Live From Mayberry
Yesterday’s trip was mostly uneventful save for a bout of carsickness suffered by The Girl. She was courteous enough not to puke in the new car and for that I am most grateful. Also, I will forgive her criticism of my chosen travel music because no child of mine could possibly dis the musical stylings of The Partridge Family, Wild Cherry, and Lynard Skynard unless they were ill.
Anyway, we are well ensconced in Grandparentsville and the spoiling has begun. This morning, The Man-Cub requested, and received, pancakes and eggs over-easy. The Girl is still sleeping and it is well past the time that she should be up. I am drinking a cup of coffee that I didn’t have to make and there is a good possibility that I won’t have to clean out the coffee pot.
Life is so good right now.
Later today, I am meeting one of my college roomies for lunch.
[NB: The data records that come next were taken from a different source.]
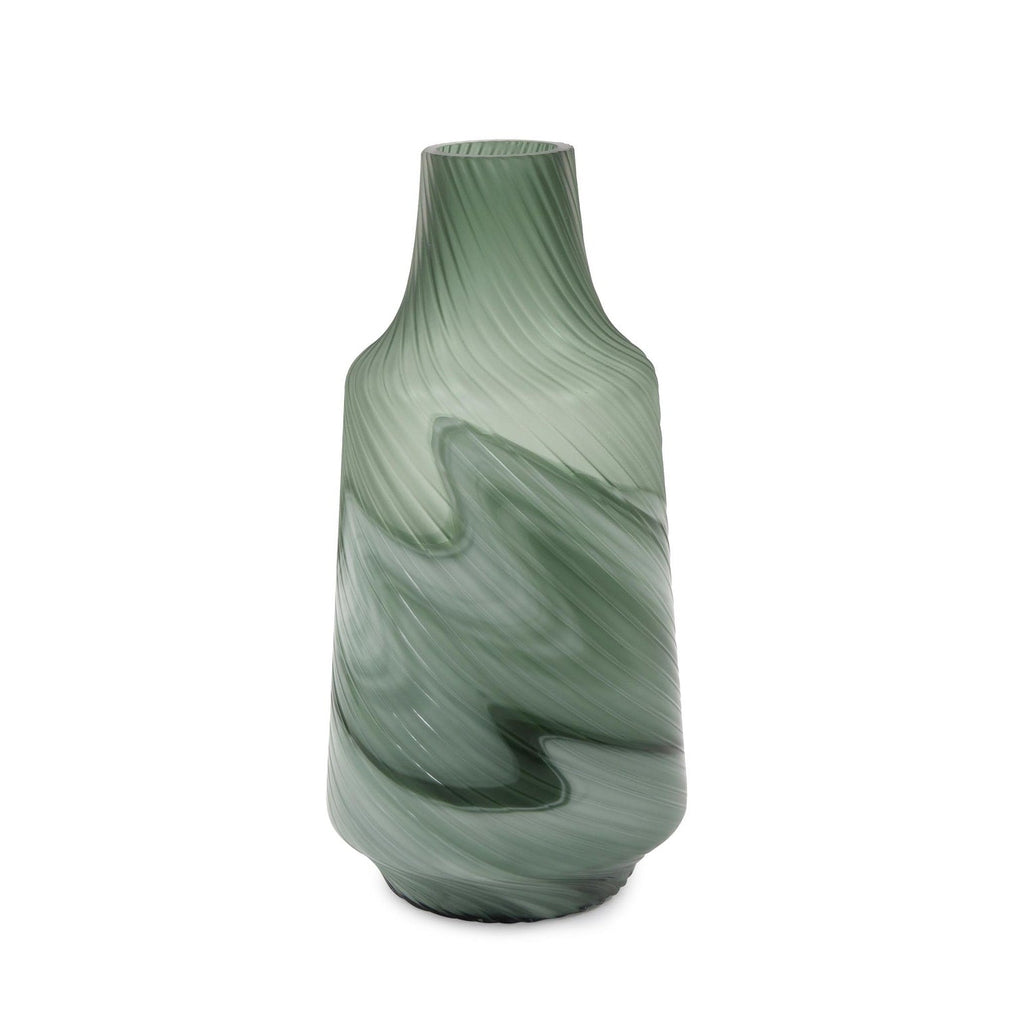 Vase décoratif contemporain en verre tourbillonnant vert givré Allan Andrews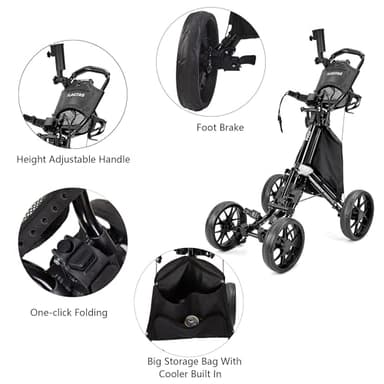 FLAGTAG Golf Push Cart 4 Wheels,Folding Golf Cart, Golf Pull cart with Cup Holder,Umbrella Holder,Cooler Bag, Foldable with one-Click,Handle Height Adjustable,Drink Holder,Walking Push cart - Image 3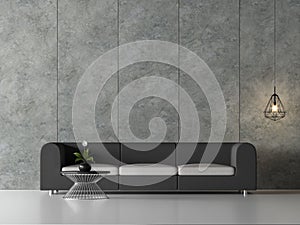 Minimal loft living room 3d render,there are polished concrete wall with vertical groove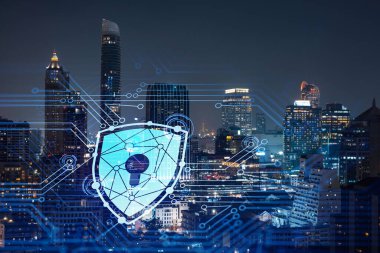 Parlayan Padlock hologramı, gece panoramik şehir görüntüsü Bangkok, Güneydoğu Asya. Şirketleri korumak için siber güvenlik kavramı. Çift pozlama.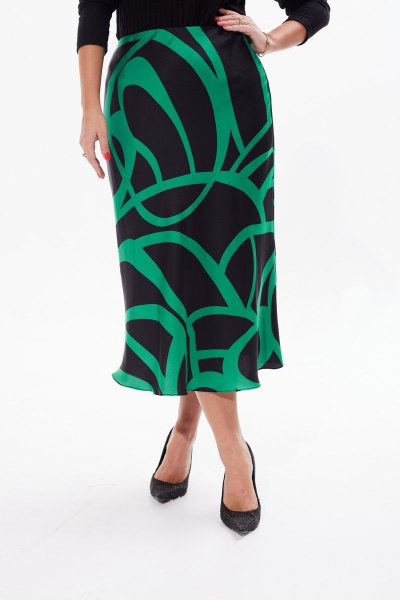 Миди юбка А-силуэт с поясом и молнией Condra 12091 черный-зеленый - фото 8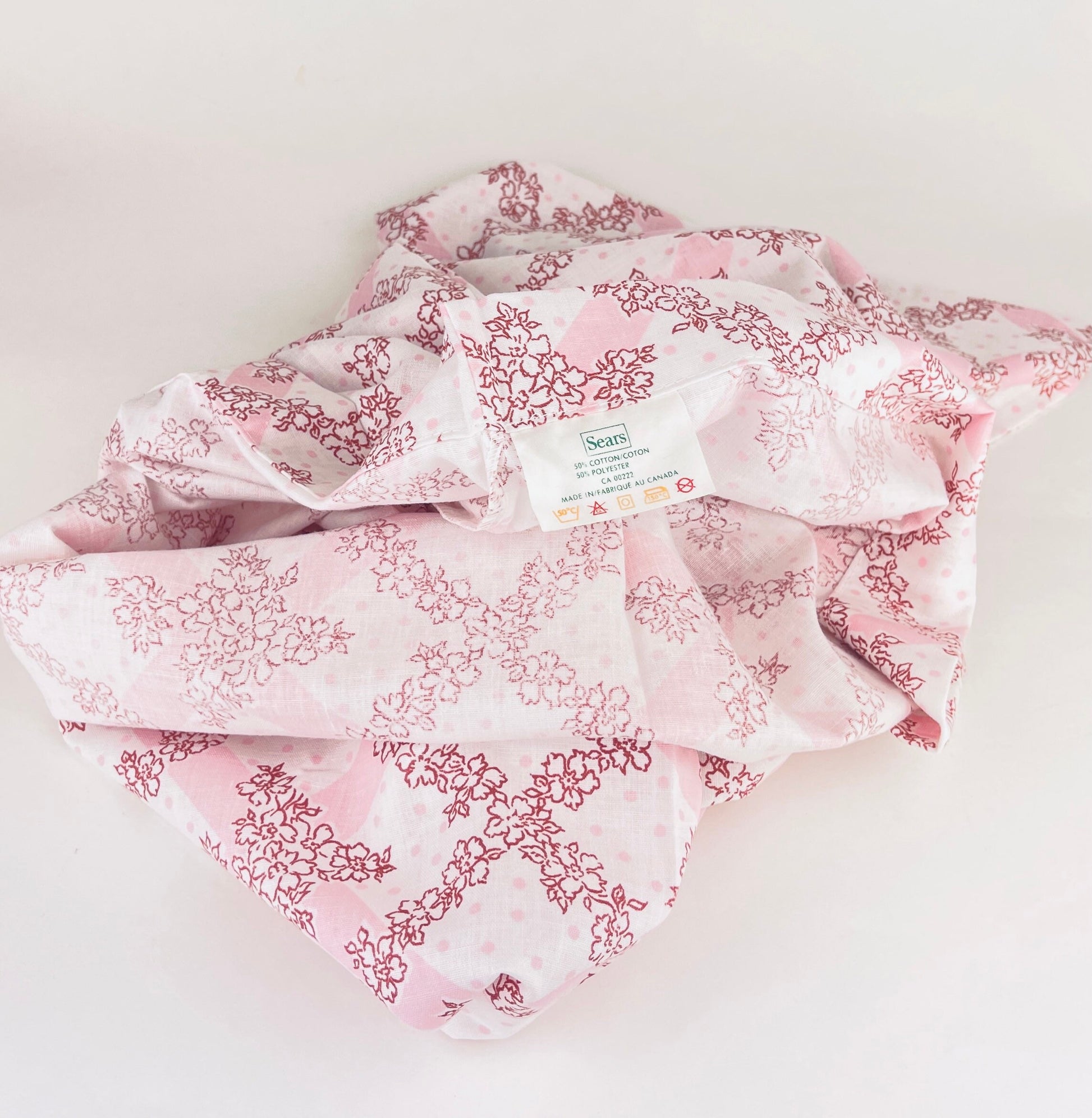 Product image for 'vintage sears queen pink floral pillow covers set of two 2 made in canada' (view 0e6192)
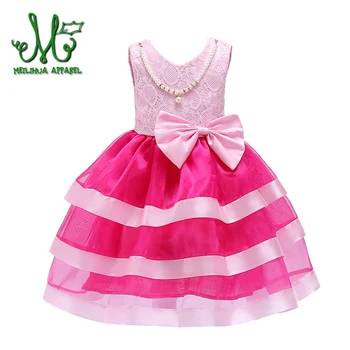 

Girls Striped Sleeveless Party Dress Girl Princess Bow Tutu Dresses Children Fancy Costume Birthday Party Dress 2 3 5 6 8 10 Y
I’ve decided that she needs a name since College Roomie is tiresome to type and because there are five other lovely ladies who can claim the title as well which, could get quite confusing on the rare occasions that we are all together. So, she needs a name and, obviously I can’t use her real name what with all the crazies on the internet and all. So, I suppose the Christian thing to do would be to ask her what she wants me to call her, but, since we all know that the last time I darkened the threshold of a church was ages ago; I’m going to call her Phoebe.
It is my blog after all. Besides, she has always reminded my dad of Phoebe from Friends and she has been known to answer him when he calls her that which means; she totally brought this on herself.
After lunch with Phoebe, my mom and I are going antiquing and then, who knows? After all, part of the pleasure of being on an unplanned and unscheduled vacation is not knowing what will happen next.
Speaking of; The Man-Cub just informed me that he accidentally dropped one of his eggs in his lap. He was wearing nothing but his underwear (apparel allowed at the breakfast table by Grandparents, apparently) and he now has “Eggs on his junk. Eggs on his junk, Mom! What is he supposed to do now?!”
Like I said, life is so good right now.